Quand avez-vous repris le flambeau ?
ADR : 10 ans après l’acquisition, mon père est décédé d’une crise cardiaque. Avec ma mère et ma sœur nous avons souhaité conserver cette maison et nous avons poursuivi les restaurations au même rythme. Je me suis installé ici à partir des années 2000. Et ce n’est toujours pas terminé, nous sommes continuellement dans les travaux.
Et les espaces extérieurs ?
ADR : Il y a 24 hectares de terres autour du château. Une partie est affermée, l’autre est aménagée petit à petit et sert notamment à la création des jeux de piste et à l’accueil des familles et des scolaires. Il reste à réaliser un aménagement plus précis du parc qui a l’avantage d’offrir une vue magnifique sur la vallée du Surmelin.
De quelle mission vous sentez-vous investi ?

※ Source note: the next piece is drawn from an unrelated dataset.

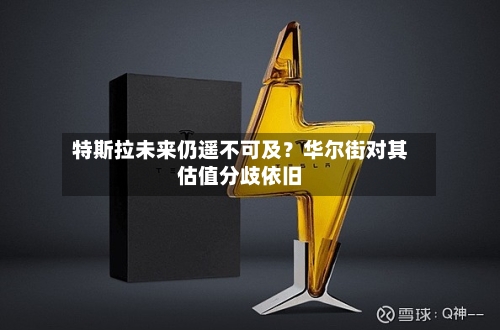 特斯拉未来仍遥不可及？华尔街对其估值分歧依旧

ADR : Notre mission principale consiste à restaurer et conserver cette demeure. Il est rare en France qu’un château ait pu, comme Condé, conserver ses décors authentiques du XVIIIe. Ils nécessitent eux-mêmes beaucoup de soins, ce qui prend beaucoup de temps. Si nous ouvrons le domaine aux visites, c’est à la fois pour partager ces décors exceptionnels et pour que le public nous accompagne dans cette restauration. Nous accueillons selon les années entre 8 000 et 12 000 visiteurs.
Comment êtes-vous référencé ?
ADR : On adhère à l’association Demeure historique qui accompagne les acteurs du patrimoine que nous sommes. On est également référencé aux Vieilles Maisons Françaises. Et nous bénéficions du label Vignobles et Découvertes.

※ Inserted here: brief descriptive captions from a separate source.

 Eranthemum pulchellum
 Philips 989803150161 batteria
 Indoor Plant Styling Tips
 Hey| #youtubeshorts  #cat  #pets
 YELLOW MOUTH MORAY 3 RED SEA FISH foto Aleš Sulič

Quels liens entretenez-vous avec les acteurs du tourisme ?
ADR : Nous nous inscrivons dans la dynamique touristique régionale et nous avons des liens avec toutes les instances qui veulent bien parler de nous et de nos activités, en particulier les offices de tourisme d’Epernay et Château-Thierry.
Et avec les vignerons ?
ADR : Le château est au cœur d’un domaine viticole depuis le XVIe siècle. Je garde de très bonnes relations avec les vignerons qui travaillent sur des terres qui, à un moment ou à un autre, ont appartenu au domaine. Chaque année, j’en sélectionne 4 ou 5 pour pouvoir proposer leur champagne en dégustation à nos visiteurs.

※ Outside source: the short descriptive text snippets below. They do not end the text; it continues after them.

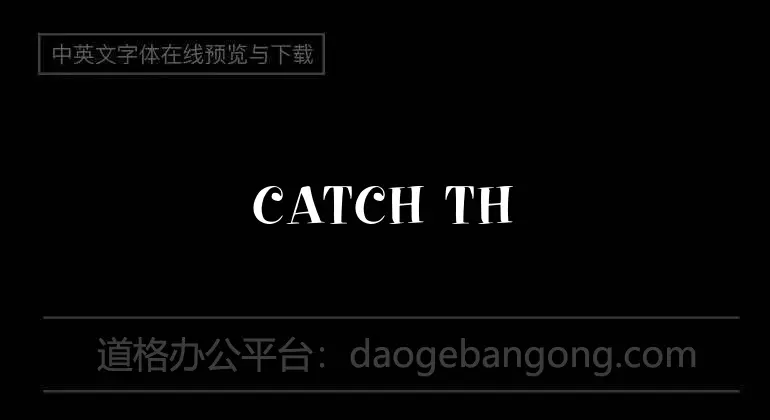 CATCH THE WIND Font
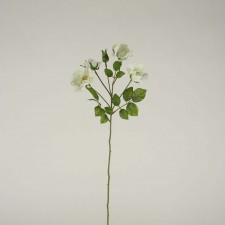ROSE WHITE
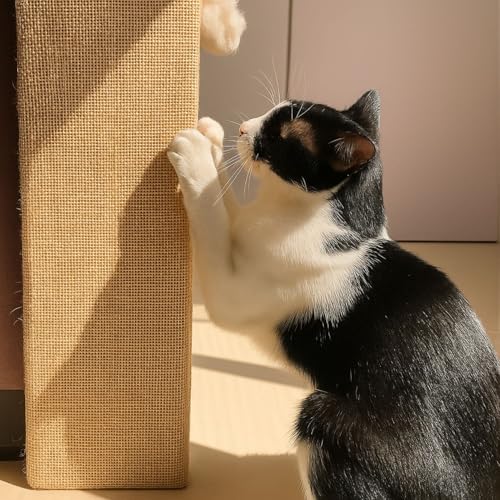 Arranhador de Sofá Arranhador para Gatos Várias Medidas 40cm à 65cm Fibra Natural (30CM)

Quels sentiments vous inspire l’inscription des Coteaux, Maisons et Caves au Patrimoine mondial ?
ADR : J’ai l’impression qu’elle profite surtout aux villes mais, par effet d’entraînement, j’espère qu’elle irriguera un jour aussi les zones rurales.
Quelle signification le prix Pierre Cheval a-t-il pour vous ?
ADR : Ce prix est important pour la Champagne et met en lumière toutes les initiatives qui lui permettent d’être plus belle. Dans notre cas, Il vient saluer 35 ans d’efforts.